Prayer is a response to God’s initiative. Grace starts prayers and praying. We stop imagining that prayer is about what words and rituals we want to do, and we try to appreciate what God seeks to do in us. Our prayer takes on a huge layer of listening (a.k.a obedience) in the present moment. Who is the person my vocation is calling me to be now, not three years ago, not two years from now? Am I mindful of my situation, my fears, my unique contributions?
Fasting from food and periodically abstaining from meat are beneficial. But we mischaracterize them as private disciplines. Their Lenten significance makes us mindful that we are part of a community of faith. We do these things to be mindful that God sustains believers as members of a people. And these privations cause us to think of those members who haven’t enough to sustain them. Beside efforts to feed the hungry, fasting should make us grateful for our food, and remind us that our hunger for God and moral uprightness should direct our lives. Those little Rice Bowls from Catholic Relief Services, for example, give a global significance to fasting.
In my opinion, fasting is necessary to make us mindful of what it means to live within physical limits. A fellow bishop notes that we forget what that feels like unless we unplug from our electronic devices for an hour or a day.
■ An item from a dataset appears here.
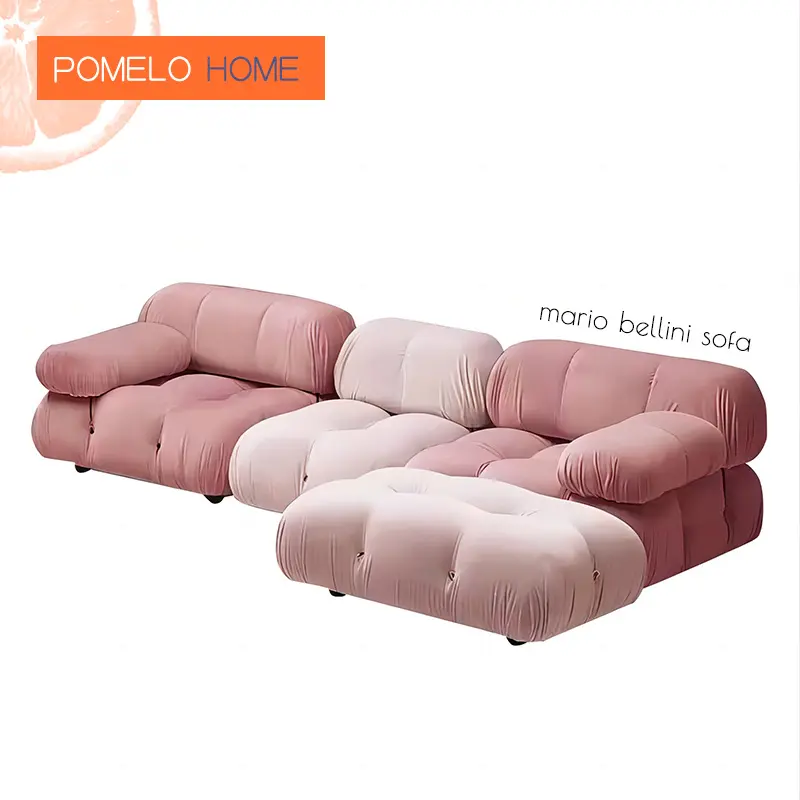 Набор бархатных угловых диванов Pomelohome Bellini Chesterfield, мебель для Марио, модульный диван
I would add that we cannot know if we have become practically addicted to some thing or some routine unless we interrupt it.
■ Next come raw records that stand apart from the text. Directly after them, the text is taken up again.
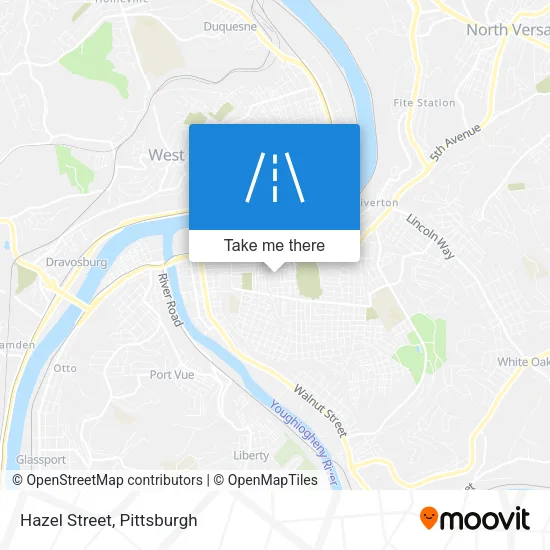 Hazel Street map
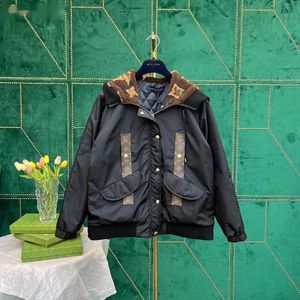 Parkas Designer Cotton Jacket met klassieke modekap fit veelzijdige bovenlichaam unisex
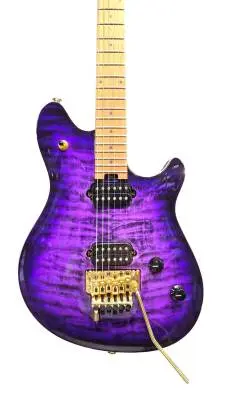 EVH Wolfgang Special QM, Baked Maple Fingerboard - Purple Burst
Almsgiving is money and resources given to destitute and needy people. These monies are not for school supplies, playground equipment or other gestures. The point is, if we don’t know people who are hungry or homeless, we have to find them and see them, and not in a documentary or a church magazine.
Our country recently witnessed some public conversation that spoke harshly of whether people deserve — or merit, or are entitled to — help in attaining life’s necessities. Perhaps during the political campaign season, we uttered judgments that disciples might shy away from. Almsgiving, like the Dickensian ghosts of Christmas present and Christmas future, forces us to check our faith-eyes so we can see what those spirits see.
Lent is for refreshing the refinements it brings to real faith. The three disciplines are personal helps and church community builders. We undertake them with joy because they make us more aware of Christ among us, both at their beginning and in their final goals. They are difficult only in the sense that they reveal to us, as people and as Church, who we really are and who we might be.